Fermedics’ probiotics are manufactured to the highest standard and based on years of scientific research. Our patented probiotic strains are different from the others since all our probiotics are protected by a patented five-layer microencapsulation technology!

This 5-layer protection also has the following advantages:

  • major logistical advantages
  • probiotic strains also remain more stable in the capsule or sachet
  • no contamination / interaction with the filling system
  • a fluid powder that is easy to encapsulate

In general, only a few % of the probiotics sold can reach the intestines and this is very little. Most of them are dead before they’re consumed and the probiotics that are still alive, are eliminated by more than 60% through the intestinal juices.

 

Tests with probiotics subjected to 5-layer microencapsulation

The 5-layer protection significantly increases the stability and survival of probiotics and has many advantages compared to unprotected probiotics.
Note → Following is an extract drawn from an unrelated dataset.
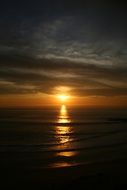 golden sunset light above the horizon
The tests clearly show that coated probiotics are resistant to stomach acid, bile salts and other digestive juices, allowing them to reach the intestine intact, which is not the case with unprotected probiotics. Improving the stability and protection against digestive juices of protected probiotics also means that a lower dosage per day is necessary (cost savings) because of the good protection (6 to10 billion bacteria is a good daily dosage).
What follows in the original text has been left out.